Winter: Ein wichtiger Schwerpunkt unseres Stiftungsengagements ist die MINT-Lehrerbildung. Wir möchten nicht nur die Qualität der Aus-, Fort- und Weiterbildung von Lehrkräften verbessern, sondern auch das Image des Berufs stärken. Das Lehramtsstudium und der spätere Beruf müssen für Abiturienten ein attraktives Ziel werden, vor allem in den MINT-Fächern, wo die Lücke besonders groß ausfällt. Professor Klemms Zahlen bestärken unsere Annahme, dass wir zwar auf dem richtigen Weg sind, aber noch stärker daran arbeiten müssen, um dem Mangel entgegen zu wirken.
Stiftung: Professor Klemm, welche Lösungsansätze schlagen Sie vor, um gegen diese Entwicklung vorzugehen?
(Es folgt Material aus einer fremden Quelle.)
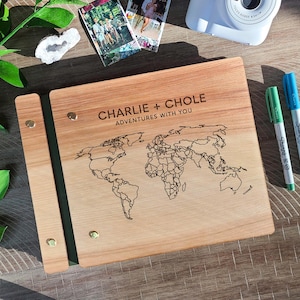Custom Engraved Wooden Travel Photo Album: Couple&#39;s Adventure Scrapbook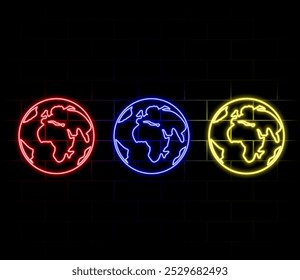 Mapa del mundo de neón. Ilustración vectorial. Mapa del mundo de neón aislado en el fondo de la pared de ladrillo.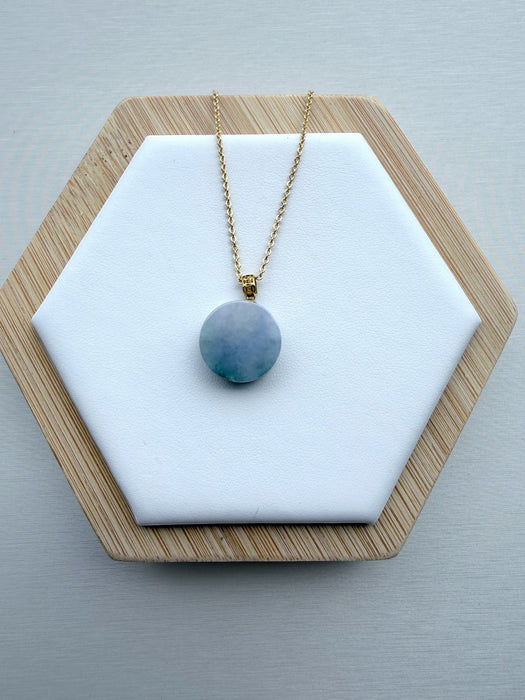 Round Purple Pendant Necklace - 18K Gold / White Gold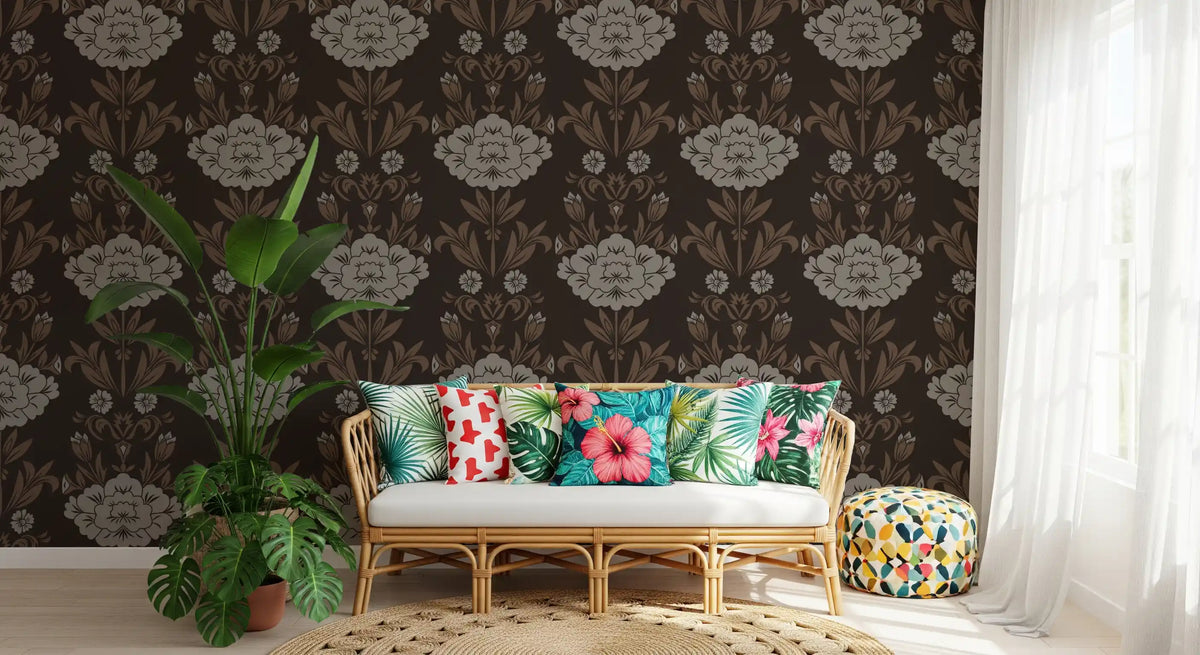 Papel tapiz con motivo floral damasco Choco⁠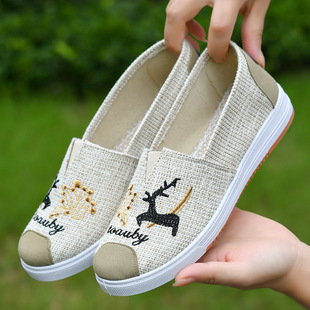 Old Beijing Cloth Shoes Women's Shoes Spring and Autumn New Flat Casual Canvas Shoes All-match Soft-soled Mother Shoes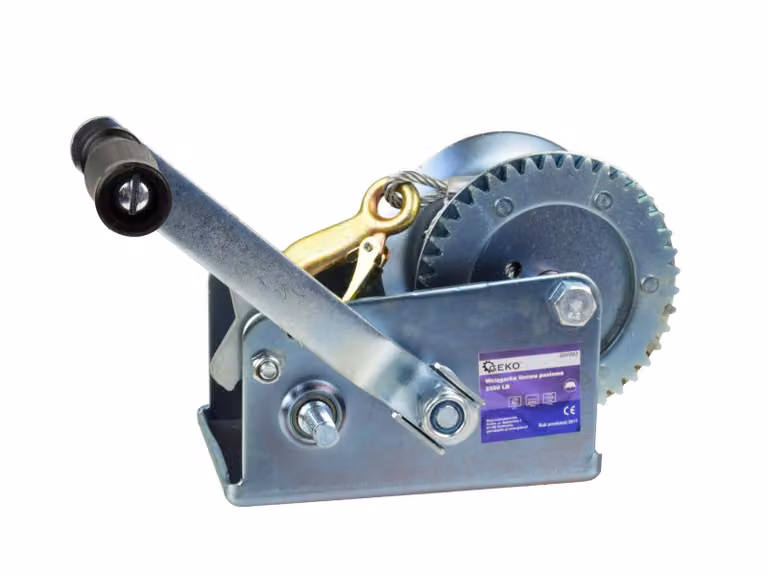 Verricello manuale, portata massima 1150 kg, cavo in acciaio da 10 m, ideale per traino auto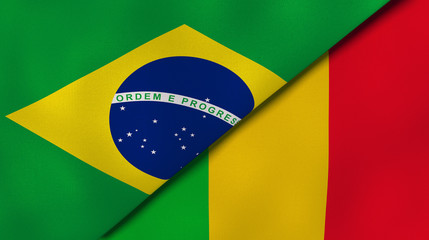 The flags of Brazil and Mali. News, reportage, business background. 3d illustration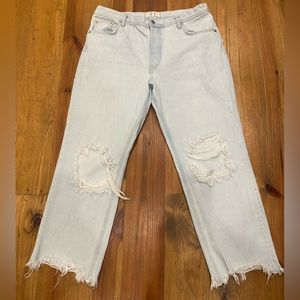 Free People Maggie Mid Rise Straight Leg Destroyed Distressed Jeans Size 31
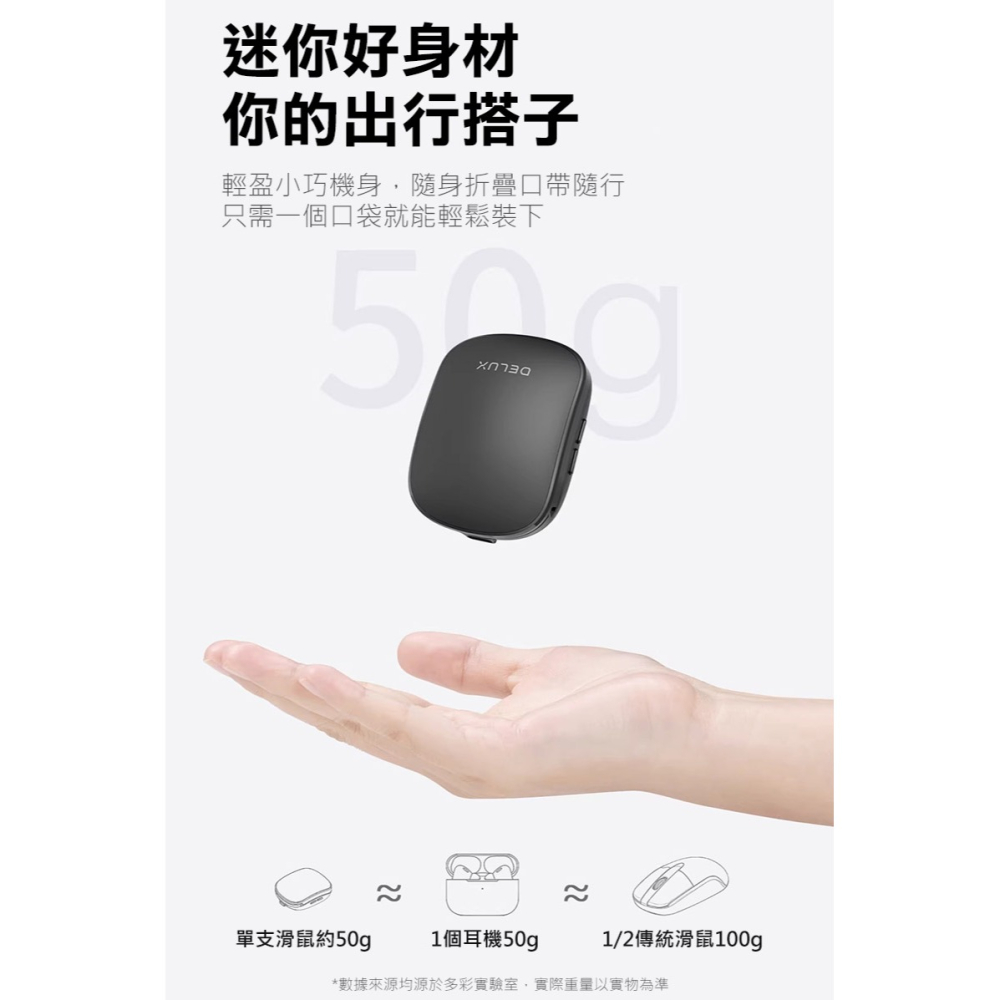 DeLUX MF20 Pro 光學滑鼠 口袋輕巧摺疊滑鼠 辦公滑鼠 迷你滑鼠 攜帶式滑鼠-細節圖4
Klemm: Um die derzeitige Situation zu verbessern, schlage ich vor, die vorhandenen MINT-Lehrkräfte an Schulen besser einzusetzen. Nicht alle Lehrkräfte mit Lehrbefähigung in einem MINT-Fach werden tatsächlich im entsprechenden Fachunterricht eingesetzt. Im Schuljahr 2012/13 reichten die Quoten der in ihrem MINT-Fach eingesetzten Gymnasiallehrkräfte von nur 70,6 Prozent bei Informatiklehrern bis hin zu 91,8 Prozent bei Mathematiklehrern. Die Gründe hierfür liegen unter anderem in der Schulorganisation, aber auch in dem derzeit praktizierten Rekrutierungsverfahren von Lehrkräften. So gibt es je nach Schule nicht nur eine Unter-, sondern zum Teil sogar eine Überversorgung mit MINT-Lehrkräften.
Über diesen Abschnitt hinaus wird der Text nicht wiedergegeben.